# [DIRECTIONS]
Your task is to write out every line of the data exactly. Drop the pictures.

Collected data entries:

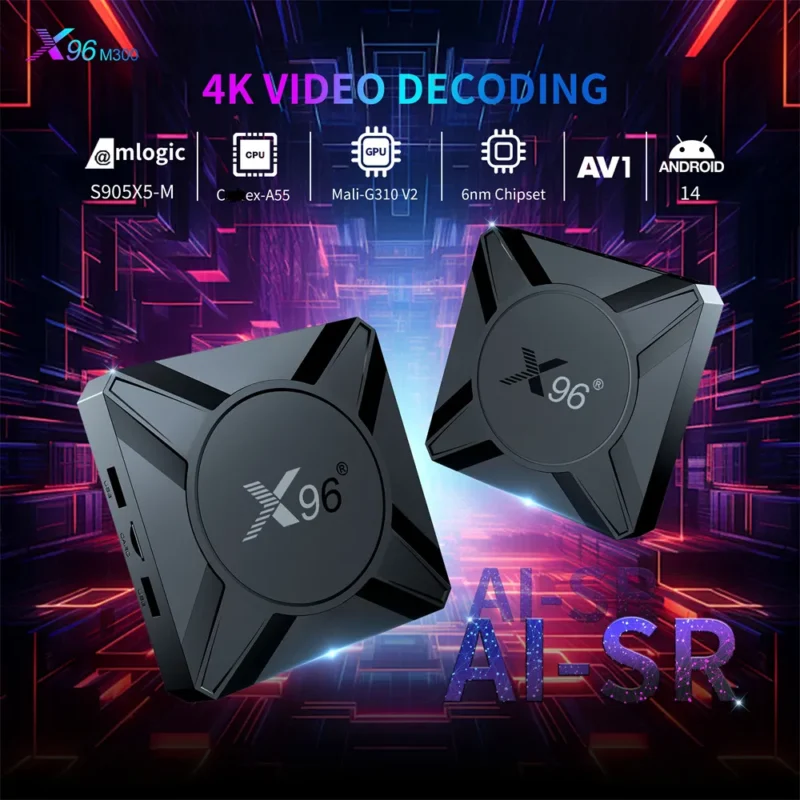 Newest X96 M300 Amlogic S905 X5M Quad Core Android 14 ATVOS 4GB RAM 32GB ROM 2.4G/5GHZ Dual WIFI BT 1000M LAN Support BT voice Remote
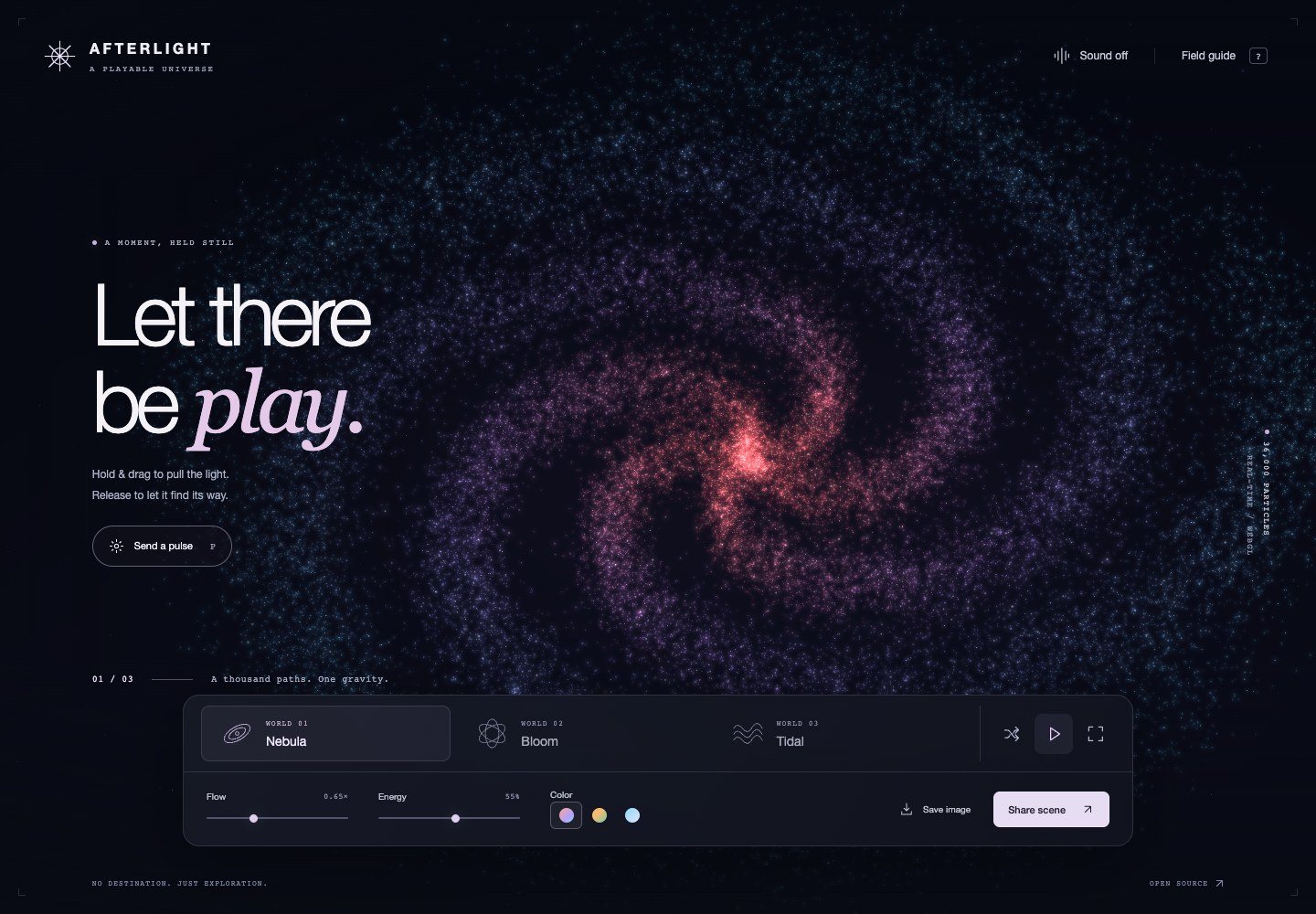 Afterlight's Nebula world, a luminous spiral of particles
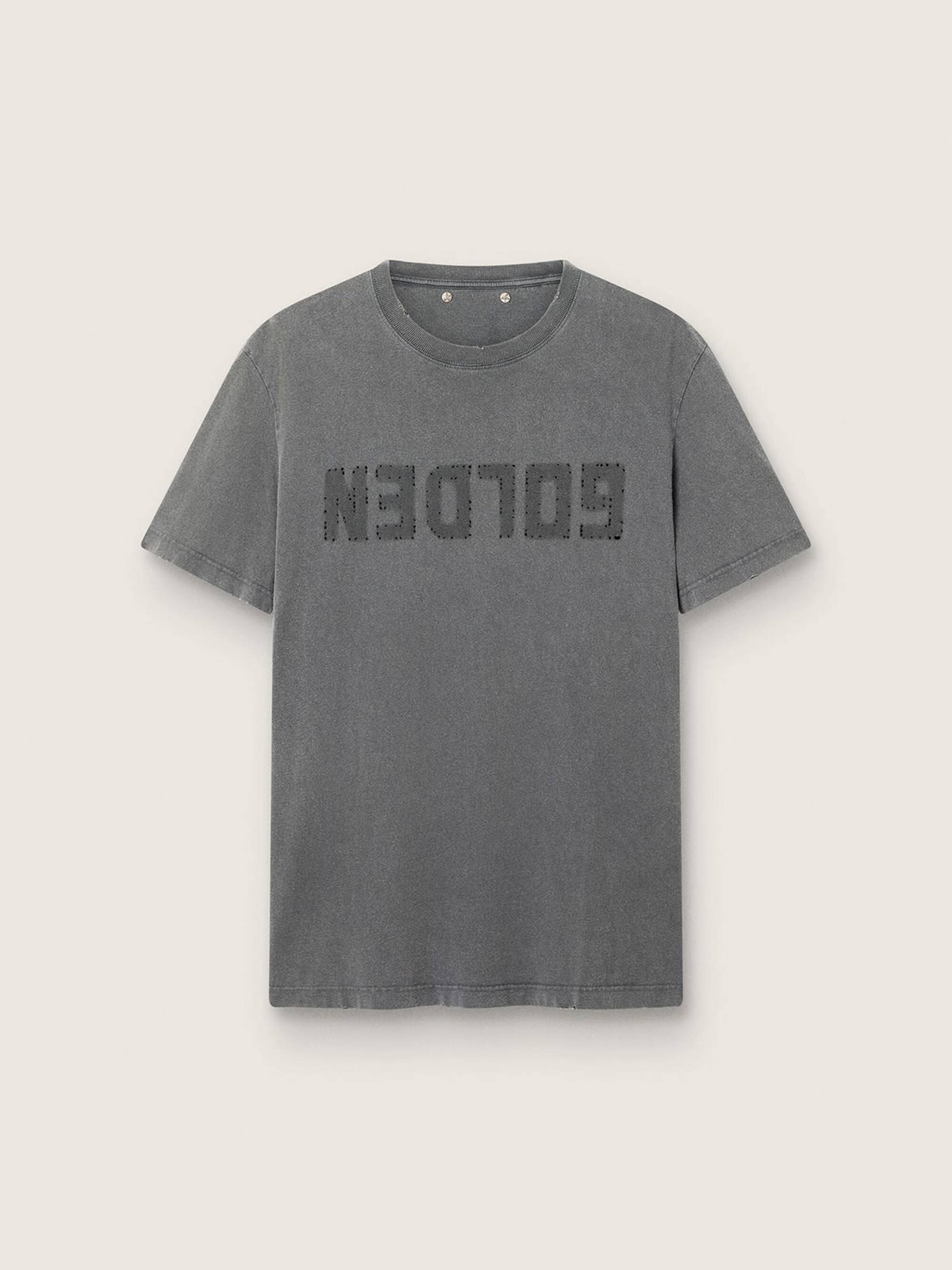 GOLDEN M'S REGULAR T-SHIRT DISTRESSED COTTON JERSEY WITH LOGO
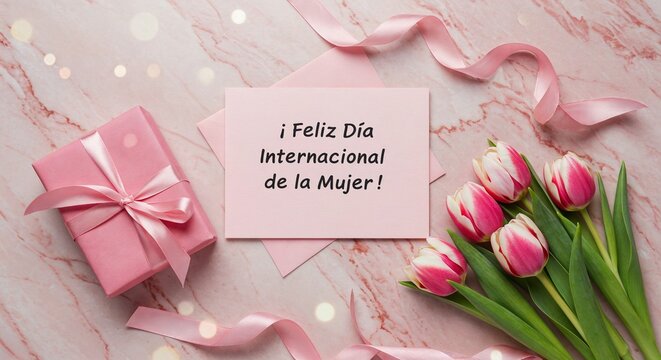 ¡Feliz Día Internacional de la Mujer! Tarjeta de felicitación con regalo y tulipanes sobre fondo de mármol rosa, vista superior - Powered by Adobe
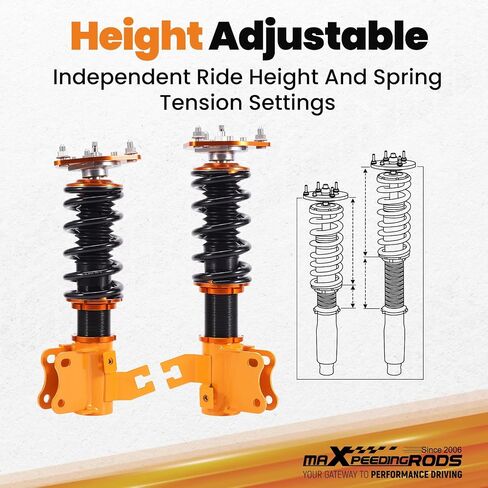 maxpeedingrods قطعتان من اللفائف الأمامية لنيسان S13 240SX 1989-1994، طقم تعليق كويلوفيرز قابل للتعديل 24 مستوى، طقم خفض الارتفاع قابل للتعديل، ذهبي in Saudi Arabia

# [TASK RESPONSE]
 Newest X96 M300 Amlogic S905 X5M Quad Core Android 14 ATVOS 4GB RAM 32GB ROM 2.4G/5GHZ Dual WIFI BT 1000M LAN Support BT voice Remote
 Afterlight's Nebula world, a luminous spiral of particles
 GOLDEN M'S REGULAR T-SHIRT DISTRESSED COTTON JERSEY WITH LOGO
 ¡Feliz Día Internacional de la Mujer! Tarjeta de felicitación con regalo y tulipanes sobre fondo de mármol rosa, vista superior - Powered by Adobe
 maxpeedingrods قطعتان من اللفائف الأمامية لنيسان S13 240SX 1989-1994، طقم تعليق كويلوفيرز قابل للتعديل 24 مستوى، طقم خفض الارتفاع قابل للتعديل، ذهبي in Saudi Arabia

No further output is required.